Le dérèglement de nos comportements comme du climat montre que nous
nous sommes détournés du sens, que nous n’avons pas respecté le pacte
fondamental qui nous unissait à la Terre et au vivant. L’île Hans nous rappelle
à la réalité, ravive notre mémoire et notre conscience, nous convainc de
renouer tant avec la nature qui nous environne qu’avec notre nature intérieure.
Adhérer à cette démarche signifie se rattacher à l'évidence, se réconcilier
avec son humanité véritable et ses dimensions les plus subtiles.
Le Canada ou le Danemark n'ont pas besoin d'un kilomètre carré de
territoire polaire en plus (ils en ont déjà des millions). Nous, si. Un petit
kilomètre carré de caillou et de glace tout en haut de la Terre en référence à
notre Pôle intérieur, pour rassembler les facettes éparpillées de nous-mêmes.
Nous sommes tous légitimes à habiter l'île Hans. Hans ne doit appartenir à
personne pour être à nous, rien qu'à nous. Mais à nous tous.
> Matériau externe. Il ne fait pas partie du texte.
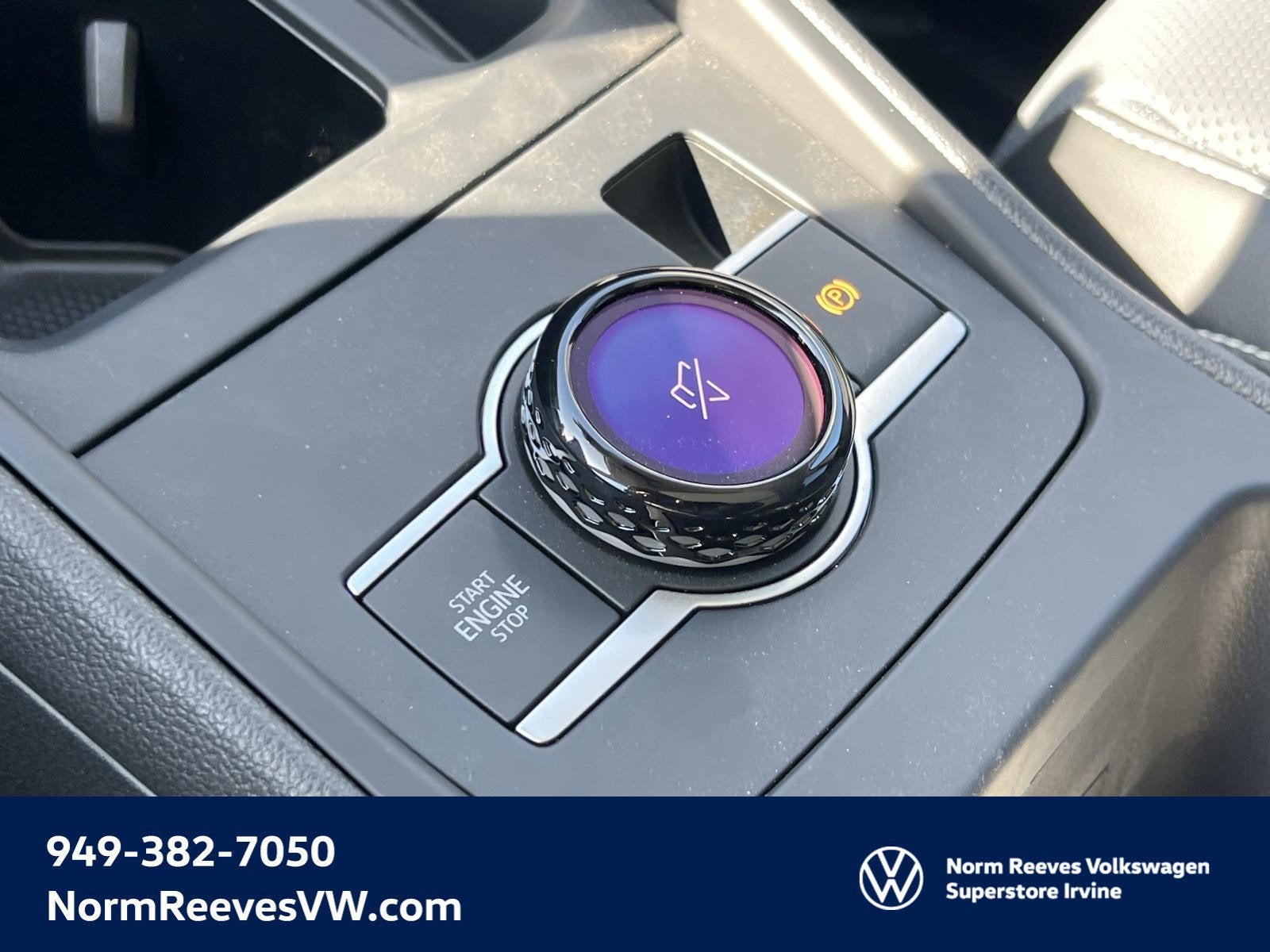 2025 Volkswagen Tiguan SE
Hans est une toute petite île du haut Arctique qu’un malicieux hasard a
positionnée exactement à mi-distance des côtes canadiennes et danoises, si bien
que personne ne peut déterminer vers quel pays elle penche le plus. Cette île,
à mille kilomètres seulement du pôle Nord, possède un intérêt stratégique pour
le pays qui en obtiendrait le contrôle : elle est le point de passage obligé de
la route maritime qui s'ouvrira quand les banquises de l'océan Glacial auront
terminé de fondre. La posséder est la promesse de contrôler l'accès aux
derniers grands champs pétroliers qui, à l'horizon 2040, n'auront pas encore
été exploités. Ces projections au nom d'intérêts économiques privés s'imposent
au mépris de notre intérêt à tous qui est de conserver une planète vivable, et
au mépris de ce que nous attendons désormais de la puissance : qu’elle entre au
service d’une nouvelle idée du monde.
Les ambitions économiques du Canada ou du Danemark ne nous concernent
pas. Ce qui nous concerne, c’est notre avenir, notre vie, l’urgence d’une prise
en compte sérieuse des paramètres physiques et naturels, alors qu’aucune
décision collective en se sens n'apparaît concluante. Le différend qui oppose
le Canada et le Danemark est d’un autre âge. La Terre ne peut plus être réduite
à un gâteau qu’on se partage pour le livrer à des appétits personnels. Ce jeu
menace le climat comme l’ensemble des écosystèmes, il crée des foyers de
tensions, il nous met en danger. La loi qui doit désormais prévaloir est celle
de la conscience. De notre conscience. Car c’est en conscience que nous
revendiquons à notre tour l’île Hans.